WHAT THE TASK ASKS
Starting from the line containing "AY5385 Finnair Flight", give again every line through the end of the entries, word for word. Pictures stay out of the copy.

DATASET EXTRACT
______

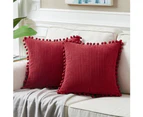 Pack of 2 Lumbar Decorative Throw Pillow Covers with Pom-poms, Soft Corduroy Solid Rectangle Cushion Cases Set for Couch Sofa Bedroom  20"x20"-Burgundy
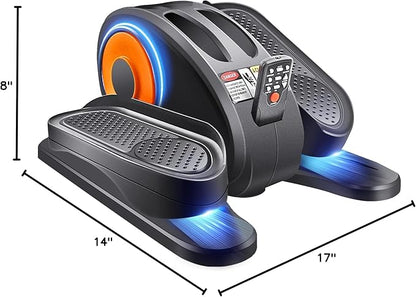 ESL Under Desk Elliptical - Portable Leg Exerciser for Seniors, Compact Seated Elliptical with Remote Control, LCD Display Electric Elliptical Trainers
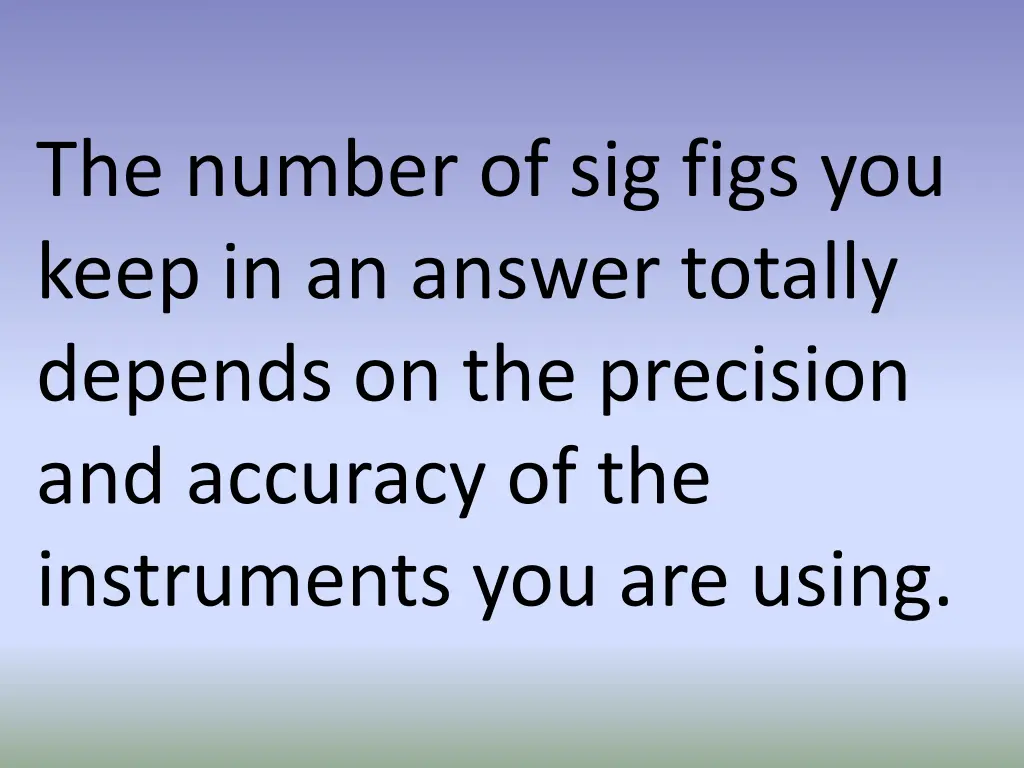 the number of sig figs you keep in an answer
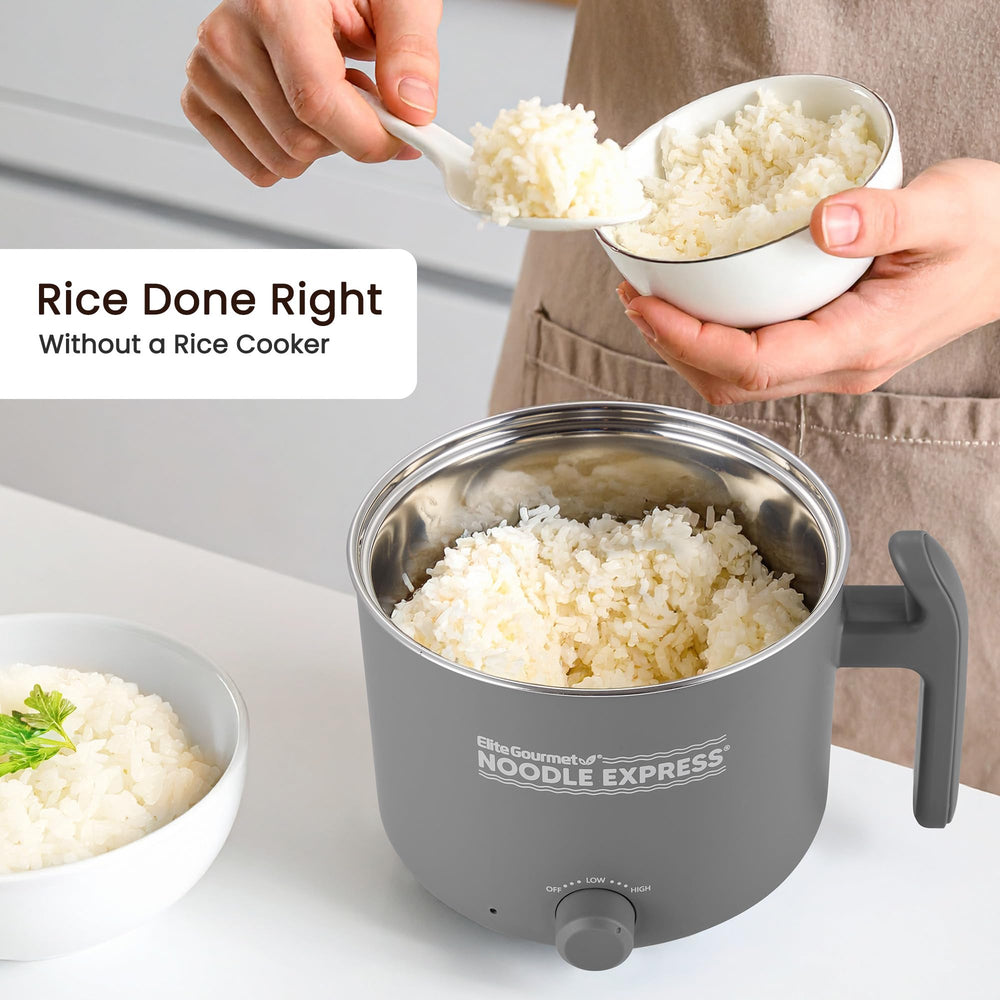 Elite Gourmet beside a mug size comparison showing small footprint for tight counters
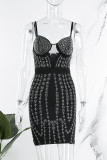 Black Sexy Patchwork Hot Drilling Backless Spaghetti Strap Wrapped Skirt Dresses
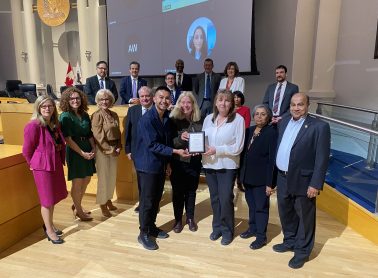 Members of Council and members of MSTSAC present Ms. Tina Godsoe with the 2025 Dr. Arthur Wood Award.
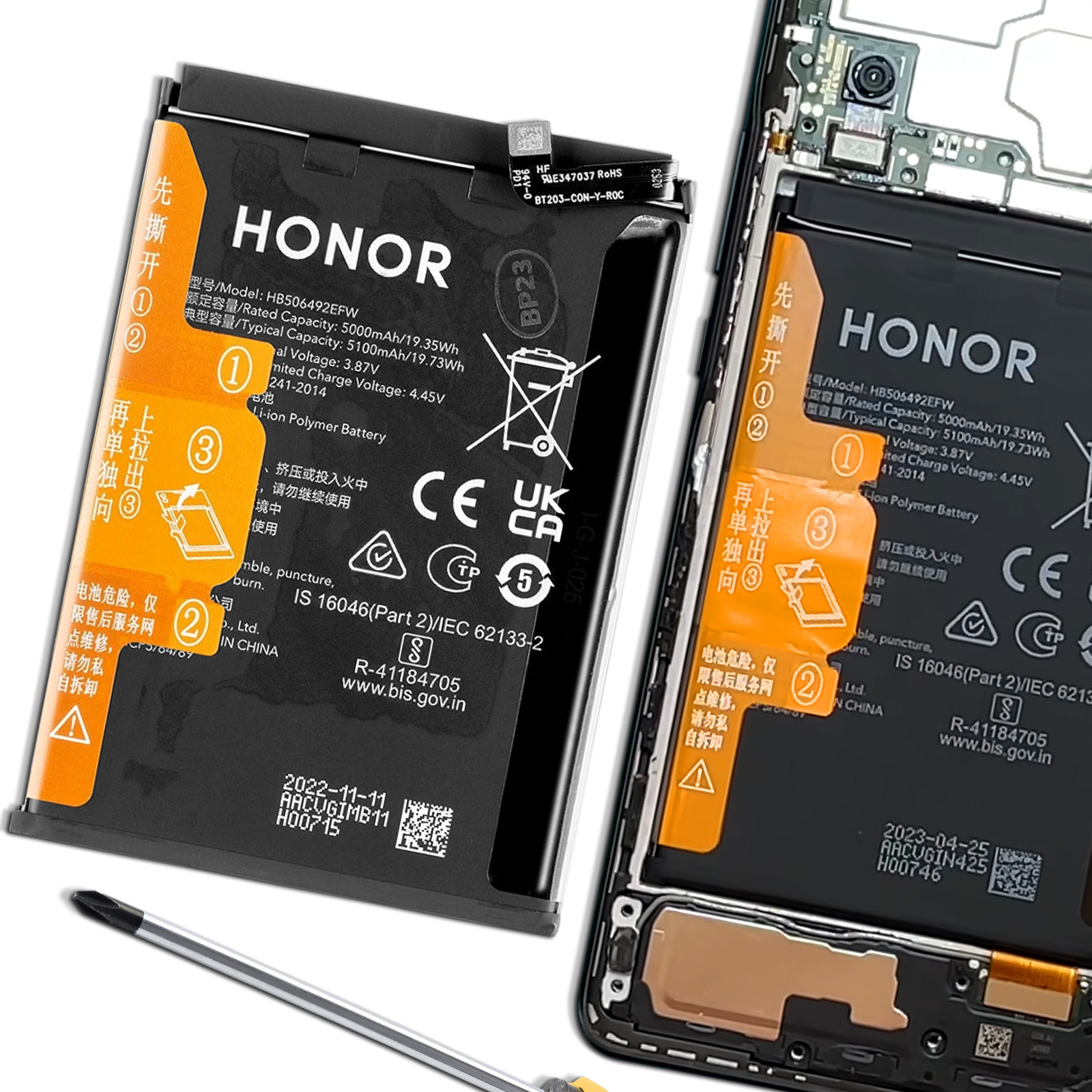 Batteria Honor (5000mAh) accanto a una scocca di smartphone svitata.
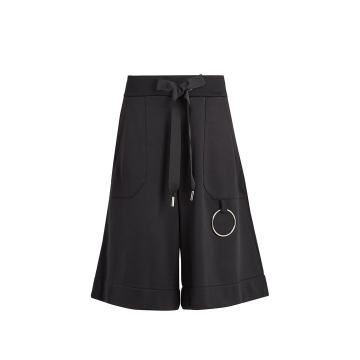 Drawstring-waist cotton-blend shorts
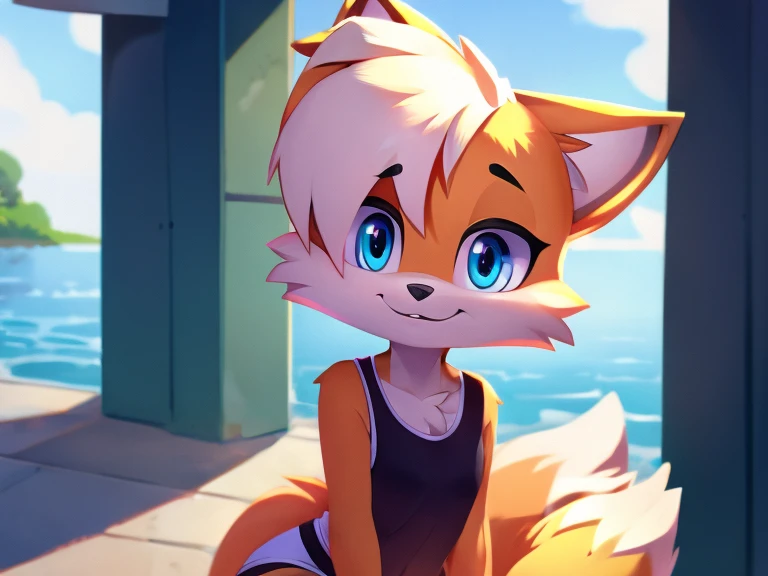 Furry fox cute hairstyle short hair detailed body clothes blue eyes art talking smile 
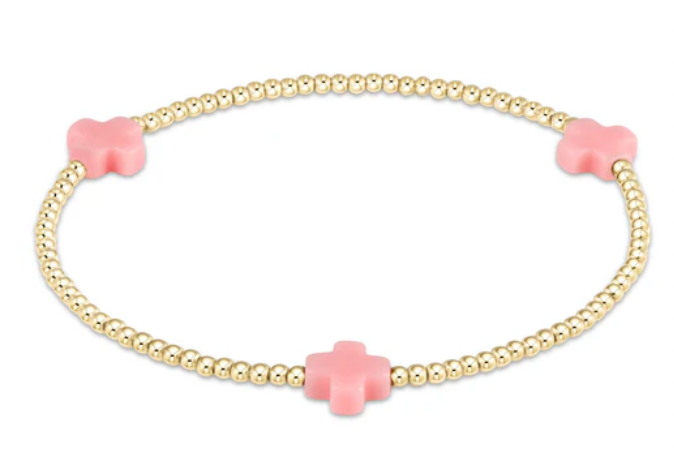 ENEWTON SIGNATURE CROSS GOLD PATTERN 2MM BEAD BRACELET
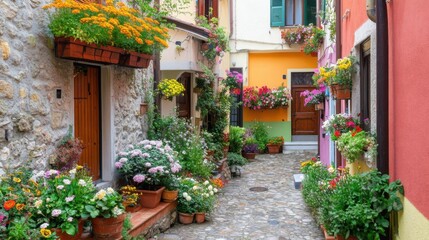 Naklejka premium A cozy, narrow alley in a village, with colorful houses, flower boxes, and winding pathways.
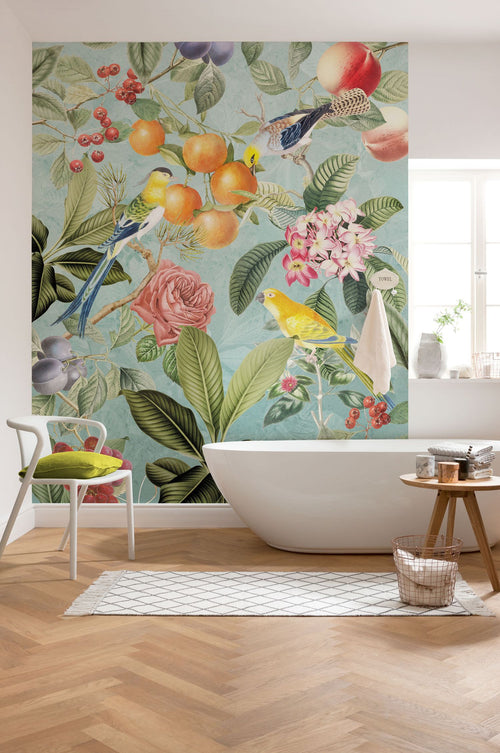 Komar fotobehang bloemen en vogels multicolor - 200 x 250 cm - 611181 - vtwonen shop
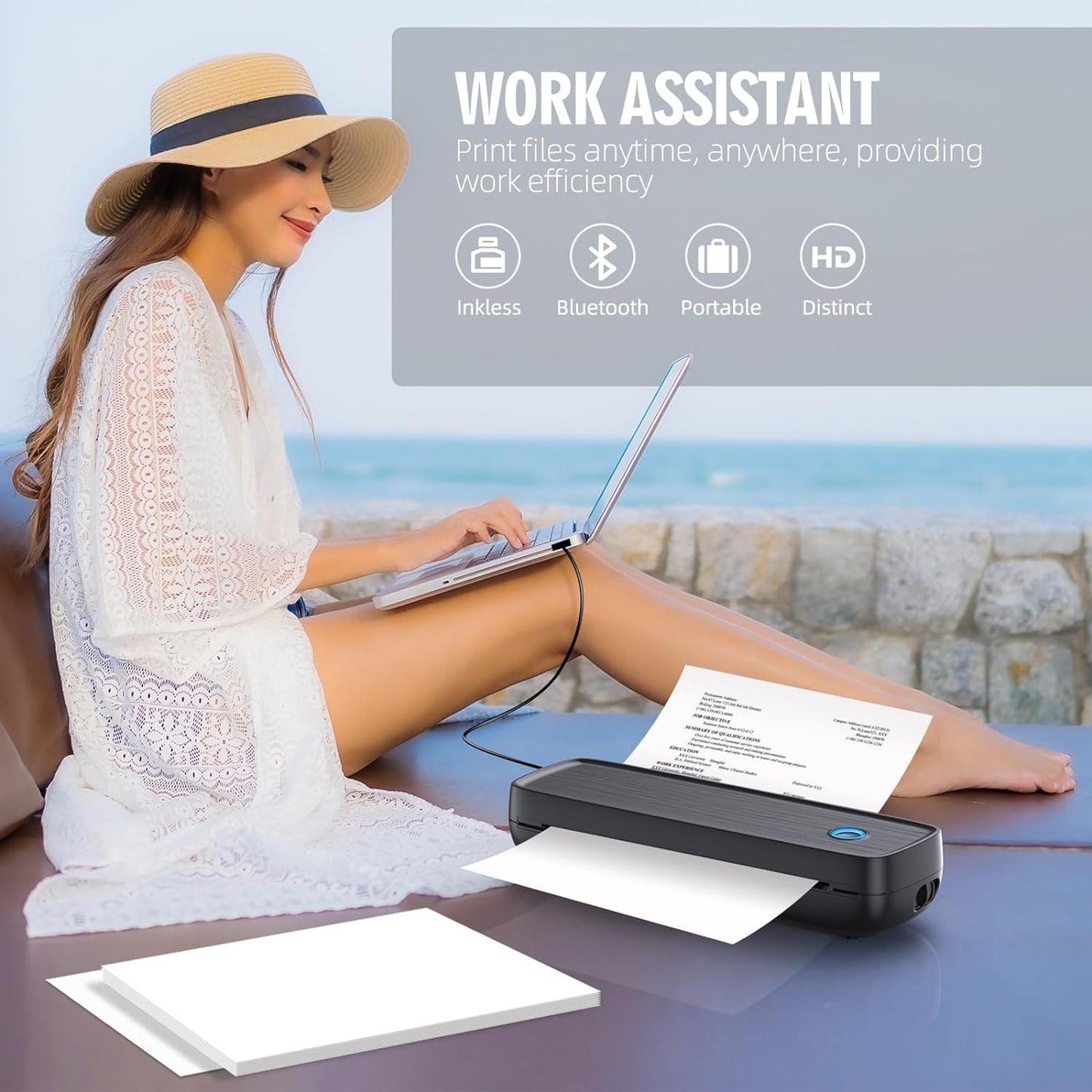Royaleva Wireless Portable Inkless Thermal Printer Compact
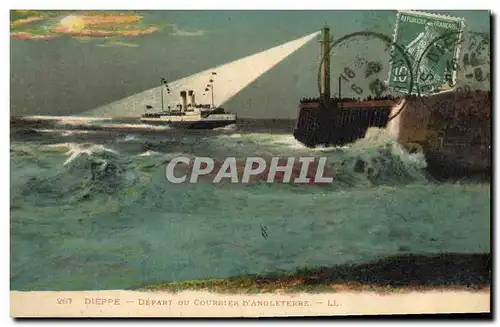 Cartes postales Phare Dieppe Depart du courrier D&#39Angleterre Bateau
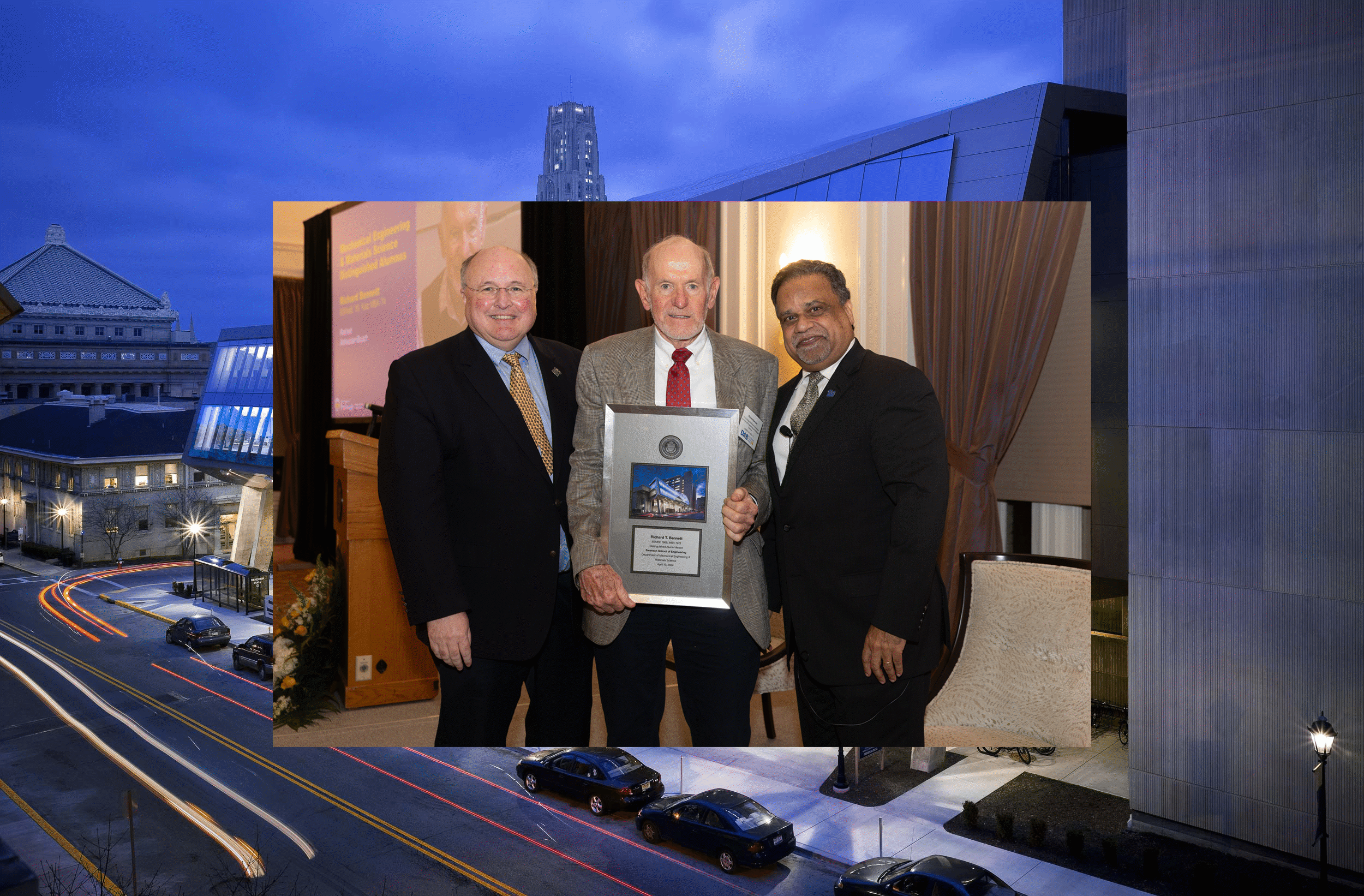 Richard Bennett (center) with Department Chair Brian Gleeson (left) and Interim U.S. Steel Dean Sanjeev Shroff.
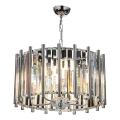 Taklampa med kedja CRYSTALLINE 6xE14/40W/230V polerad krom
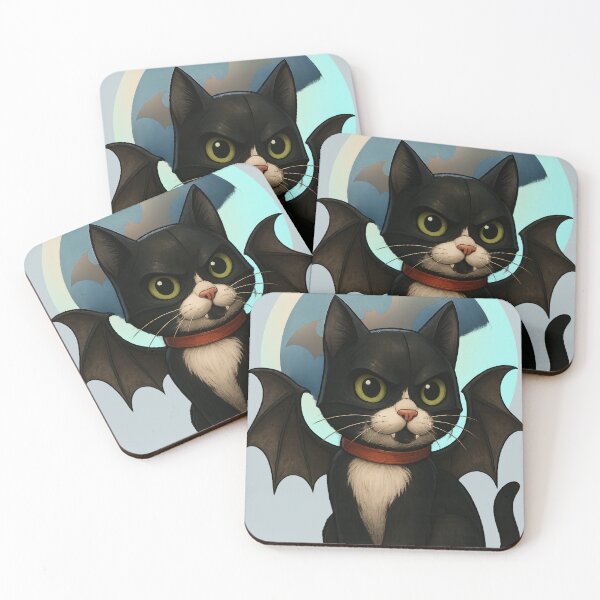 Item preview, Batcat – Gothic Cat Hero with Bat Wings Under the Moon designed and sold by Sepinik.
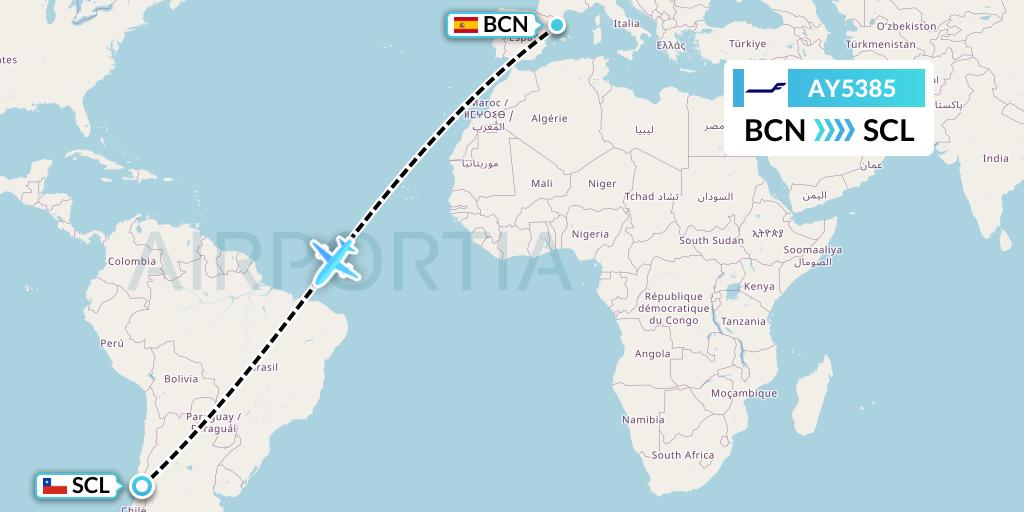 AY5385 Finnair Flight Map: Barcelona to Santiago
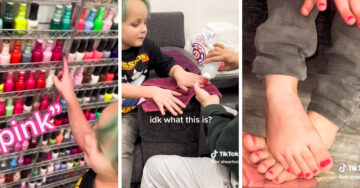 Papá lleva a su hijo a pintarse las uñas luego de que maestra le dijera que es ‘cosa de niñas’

______

EXERCISE RESPONSE
 AY5385 Finnair Flight Map: Barcelona to Santiago
 Papá lleva a su hijo a pintarse las uñas luego de que maestra le dijera que es ‘cosa de niñas’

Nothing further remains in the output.